Since the Third Amendment’s ratification in 1791, the U.S. Supreme Court has only mentioned it a couple of times. One instance is the 1952 case of Youngstown Sheet & Tube Company v. Sawyer. In order to sabotage a national steel strike during the Korean War, President Harry Truman had issued an executive order to seize and operate the country’s steel mills.

The court ruled the president didn’t have the authority to seize private property without an act of Congress. In the majority opinion, Justice Robert H. Jackson used the Third Amendment, which prohibited forcible quartering during wartime without congressional approval, to illustrate the court’s decision: “even in war time, his seizure of needed military housing must be authorized by Congress.”

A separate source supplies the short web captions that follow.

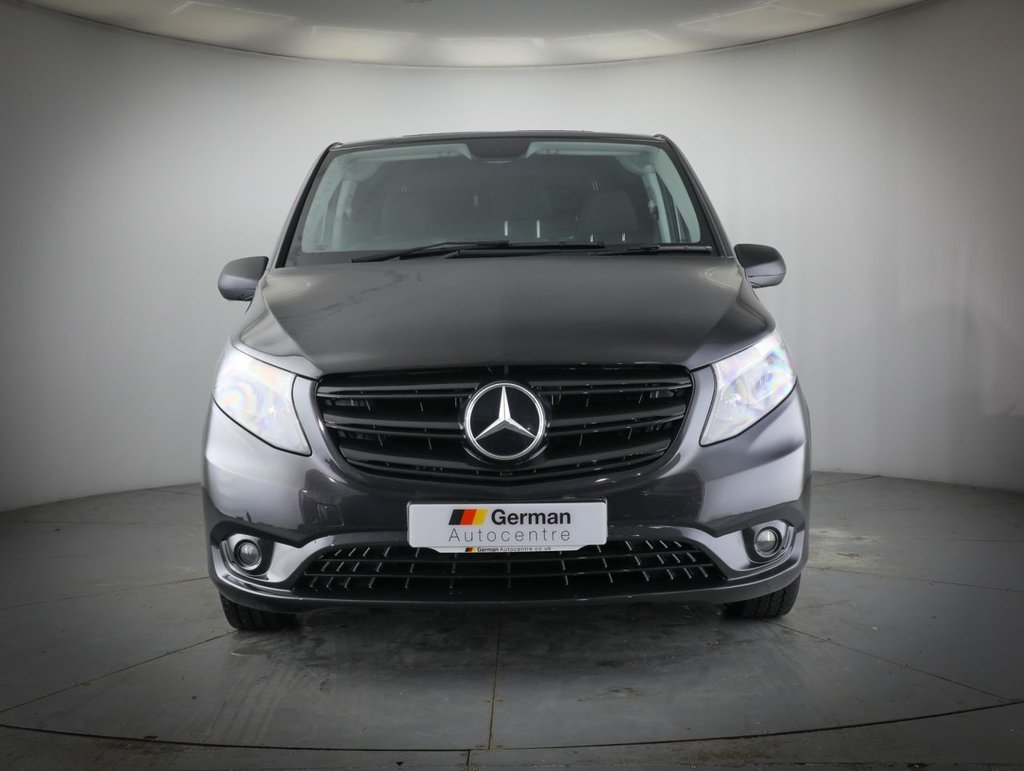 Used Mercedes-Benz Vito 2021 for sale - 77620881: Photo 6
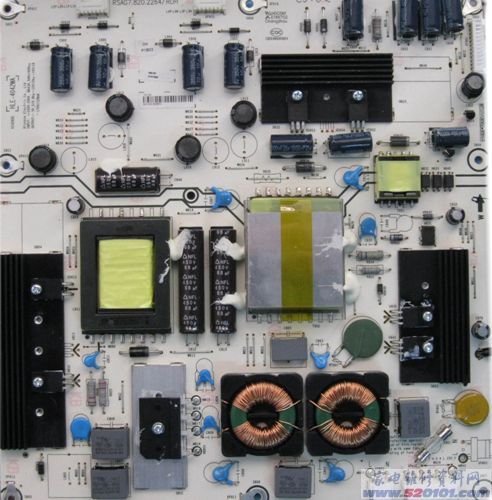 海信led40k160jd电源电路图,海信led46k310nx3d电源维修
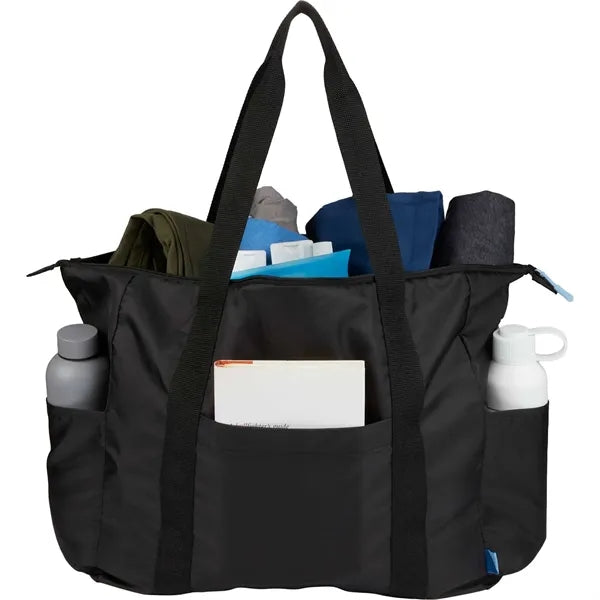 Wander & Roam Large Packable Tote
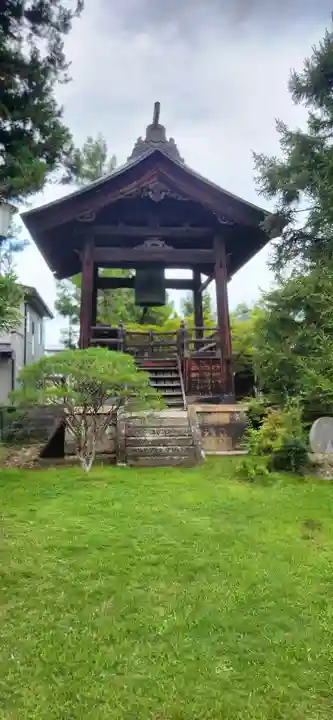 佛向寺のその他建物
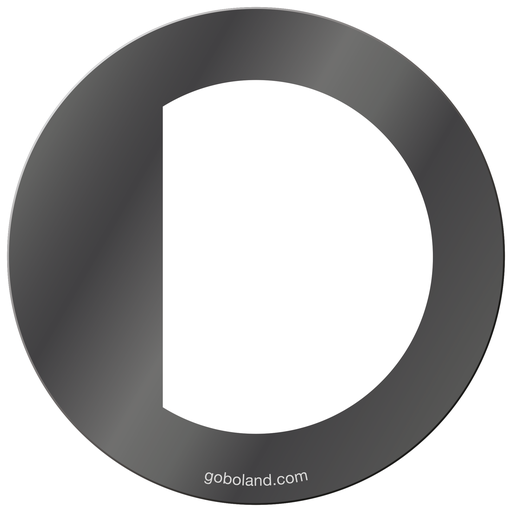 1 160 054 - Three Quarter Beam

In the 1965 case of Griswold v. Connecticut, the court argued that the First, Third, Fourth and Ninth Amendments suggested a right to privacy, and that this gave married couples the right to use contraception.

“The Third Amendment in its prohibition against the quartering of soldiers ‘in any house’ in time of peace without the consent of the owner is another facet of that privacy,” wrote Justice William O. Douglas in the majority opinion.

Although the U.S. Supreme Court has never weighed in on who counts as a “soldier” under the Third Amendment, a couple of lower courts have, creating precedents that the Supreme Court could cite in future cases.

In the 1982 case of Engblom v. Carey, the U.S. Court of Appeals for the Second Circuit ruled that the governor of New York didn’t violate the rights of striking correctional officers at New York’s Mid-Orange Correctional Facility when he evicted them from their prison residences and reassigned those residences and their jobs to National Guard troops.

However, the court did rule that National Guard members are “soldiers” under the Third Amendment, and that “the Third Amendment is incorporated into the Fourteenth Amendment for application to the states.”

In 2015, the U.S. District Court for the District of Nevada cited this ruling while considering whether police officers violated a plaintiff’s Third Amendment right when they forcibly occupied his house in Mitchell v. City of Henderson, Nevada. That court sided with the police, ruling that they aren’t “soldiers” under the Third Amendment.